Whenever I feel the world and its demands and pressures closing in on me, when the world threatens to crush my very soul, this is the place I escape to. No matter where I am, who I am with, or whatever situation I find myself in, whenever I need peace, the kind that passes all understanding, this is the place I go to find rest and "recharge my spirit". I often imagine that I can hear the footsteps of God passing by and that I can feel his hand gently touching me, restoring my inner peace and joy.

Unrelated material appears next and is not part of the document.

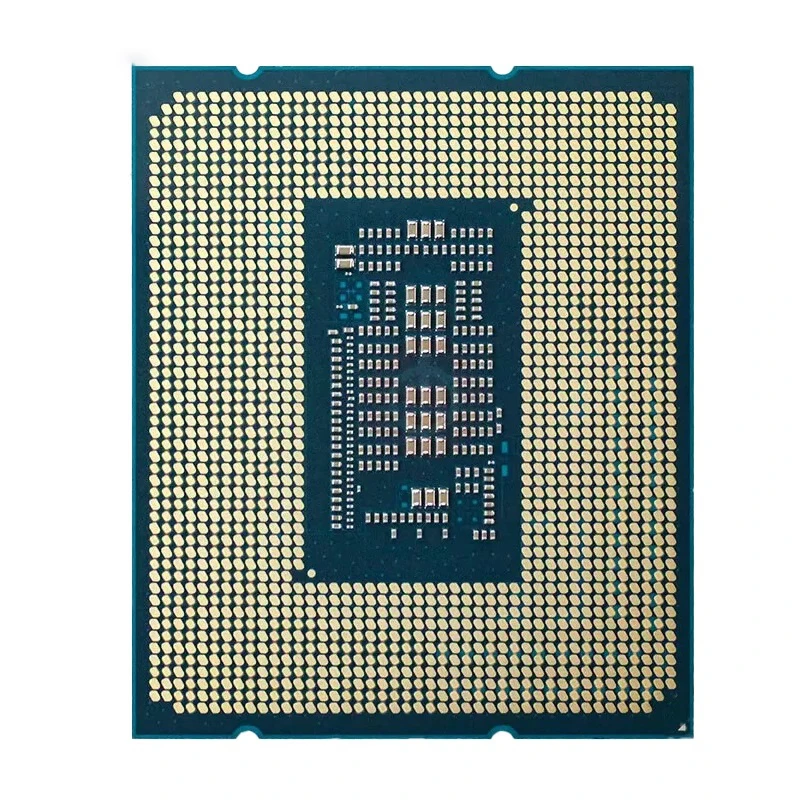 پردازنده اینتل سری Raptor Lake مدل Core i3-13100F Tray - Image 2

We would take a picnic lunch and spend the day on the green, grassy banks under the huge, age-old trees that follow the river as it snakes its way through the dry and stony landscape of the Northern Cape. How well I remember the cold chicken, potato salad, noodle salad, fruit and inevitable watermelon - it usually ended up with the bigger kids smearing us smaller kids with watermelon skins and then the fathers would smear the bigger kids, and so on, and on, until we all had to dive into the river to wash the sticky sweetness from our skins and clothes.
When we were tired, and shivering from spending to much time in the water, we would splash water over the smooth black river rocks to cool them off a bit and then stretch out on them, allowing the sun to dry us off. With the sun beating down on us from above, and the rocks warming us from beneath, we would lie silently, listening to the sounds of the river. Turtledoves in the trees, the soft murmuring of the water over rocks and the occasional call of the Fish Eagles.
10 comments:
Omigosh, that is soooooo beautiful. And believe it or not, I have a memory of a place exactly like that on Vancouver Island, called the Sroat River and it flowed into the Somass River. We used to go there on a summer's day, to a place called Riveroad Park, and it looks exactly like your pictures. Here is a picture of it.

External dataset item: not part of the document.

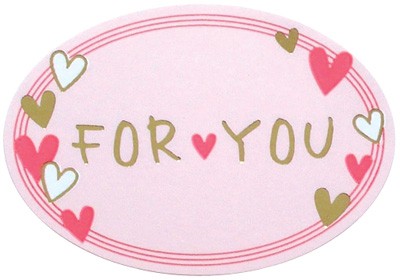 Ahe[v For You  (500Ё~1)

My mother loved South Africa so much, and as a child growing up, I used to hear so many wonderful stories about the beautiful places in South Africa. Her heart was always there.

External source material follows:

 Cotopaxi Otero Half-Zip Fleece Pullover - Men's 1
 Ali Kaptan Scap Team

Thanks Jo, do you also escape to it sometimes - in your mind/imagination/spirit?
I am soo there! Your writing is lovely! I haven't got such spectacularly lovely images to go back to, so I may have to steal the ones from this blog :-)
You're welcome!
The wind
is a wicked force,
pollen's best friend,
not given to favors
or piety
or warmth and tenderness,
always the worker
never the lover
on cold winter nights.
The shallows of peace
and strife stalk us
along the river 'life'___
paying close attention
to the turtledoves
of our need.
Oh, I want to run off and sit under your peaceful willow!! What a glorious cove of calm.
I would be glad to send you some interview questions! Please send me your email address. willow.willowmanor@gmail.com
I suspect I know were the love words, read or writen cames from in the family. Im just sad that I never asked to hear these stories.
What a wonderful memory! I so wish I could have had such a place and memory in my childhood. You are very lucky to have that beautiful memory, charish it forever!
Thanks to all you loveley people. South Africa is back now, thanks for missing me - you make me feel wanted.